The global shipping industry is collectively responsible for as much as 90% of the world’s commercial transport needs. Given this massive operational scale, it’s not surprising that it also accounts for almost 3% of the world’s total carbon dioxide emissions. And just as expectedly, this has placed the entire industry squarely in the crosshairs of environmental activists.
Shipping firms typically obtain commercial marine insurance to protect themselves from potential liabilities that may result from their operations and policies. But this doesn’t spare them from the increasing clamor to take direct action in minimizing their carbon footprints. In particular, there is growing pressure from environmental advocates to impose a carbon levy for shipping companies. In the ensuing push to speed up decarbonization and find new green financing resources, shipping costs are expected to remain at peak levels in the coming months.
Too little, too late
Admittedly, there has been some progress on certain fronts. In particular, the shipping agency for the U.N., International Maritime Organization (IMO), has managed to cut greenhouse gas emissions, at least for the short term.
But even this isn’t enough. Environmental advocates‒and even some IMO member countries‒feel that the timeline for reducing carbon output isn’t going quickly enough. Consequently, more pressure is anticipated at the upcoming Marine Environment Protection Committee (MEPC) meeting in June 2022.
Stumbling blocks to progress
Misalignment and long-drawn-out negotiations by industry stakeholders are among the obstacles to forward progress. According to Maersk Tankers CEO Christian Michael Ingerslev, regulators will have to develop concrete solutions that can be negotiated by everyone involved.
To be sure, the clamor to reduce carbon emissions has risen steadily over the past several years, and not just in the shipping industry. At the COP26 summit climate change summit held in 2021, several countries pressed for zero emissions by 2050. Among the most hotly contested issues was the 50% reduction of greenhouse gas emissions from ocean vessels.
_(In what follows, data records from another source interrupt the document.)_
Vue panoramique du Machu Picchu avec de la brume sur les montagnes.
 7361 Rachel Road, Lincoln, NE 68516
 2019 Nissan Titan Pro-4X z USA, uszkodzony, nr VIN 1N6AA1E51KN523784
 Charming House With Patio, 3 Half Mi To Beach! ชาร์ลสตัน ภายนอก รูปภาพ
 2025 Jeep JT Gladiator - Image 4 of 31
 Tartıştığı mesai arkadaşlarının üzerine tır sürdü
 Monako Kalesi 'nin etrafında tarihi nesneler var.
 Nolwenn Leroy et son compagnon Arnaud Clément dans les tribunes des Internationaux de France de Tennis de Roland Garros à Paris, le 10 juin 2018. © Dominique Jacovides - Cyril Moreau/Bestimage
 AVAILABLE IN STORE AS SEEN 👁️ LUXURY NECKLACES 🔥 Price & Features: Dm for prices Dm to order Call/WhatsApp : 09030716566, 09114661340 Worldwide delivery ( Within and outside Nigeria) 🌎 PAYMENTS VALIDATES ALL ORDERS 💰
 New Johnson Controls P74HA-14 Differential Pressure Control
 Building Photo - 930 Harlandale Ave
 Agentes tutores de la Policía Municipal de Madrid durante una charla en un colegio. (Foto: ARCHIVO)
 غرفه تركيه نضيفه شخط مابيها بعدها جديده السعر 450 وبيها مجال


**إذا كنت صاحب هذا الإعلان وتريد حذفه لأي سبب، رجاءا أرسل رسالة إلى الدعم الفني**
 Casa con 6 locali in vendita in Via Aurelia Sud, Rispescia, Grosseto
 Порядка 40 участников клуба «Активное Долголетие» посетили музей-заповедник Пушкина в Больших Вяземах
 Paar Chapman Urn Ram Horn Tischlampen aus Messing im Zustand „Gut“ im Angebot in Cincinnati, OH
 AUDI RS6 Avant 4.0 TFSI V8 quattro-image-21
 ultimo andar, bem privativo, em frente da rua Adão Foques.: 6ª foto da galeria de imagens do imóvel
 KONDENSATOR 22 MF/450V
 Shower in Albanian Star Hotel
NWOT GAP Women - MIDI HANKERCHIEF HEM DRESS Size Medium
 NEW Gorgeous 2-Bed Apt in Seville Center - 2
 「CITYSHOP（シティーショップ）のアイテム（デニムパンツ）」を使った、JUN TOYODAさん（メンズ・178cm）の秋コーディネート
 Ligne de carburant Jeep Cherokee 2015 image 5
But some are doubtful that these targets can be met. Faig Abbasov of environmental advocates Transport & Environment fears that negotiations in the coming year will be as slow and painful as they’ve always been. For Abbasov, having the 175 member nations of the IMO come together to agree on decarbonizing a mammoth economic sector is close to impossible.
IMO plans for the future
In its defense, the IMO claimed some positive developments in the campaign against climate change in 2021. Among these is the implementation of new regulations that improved the energy efficiency of ocean vessels.
The IMO also announced the ongoing development of a revised greenhouse gas reduction strategy, which should be completed in 2023. As the organization’s air pollution and energy efficiency chief Roel Hoenders said, a willingness to take direct action will speed up the process considerably.
Other IMO plans include the creation of an R&D fund aimed at developing new technologies to meet carbon reduction objectives on schedule. The discussion is set to resume later in 2022, although a $5 billion budget has already been proposed for the project.
The effects of climate change on developing countries
Amid all this discussion, one issue that has cropped up is the effects of climate change on poorer countries. One of the most heavily affected is Pakistan, which ironically produces much fewer emissions than most IMO member nations. Despite this, the country has been hit especially hard by climate change.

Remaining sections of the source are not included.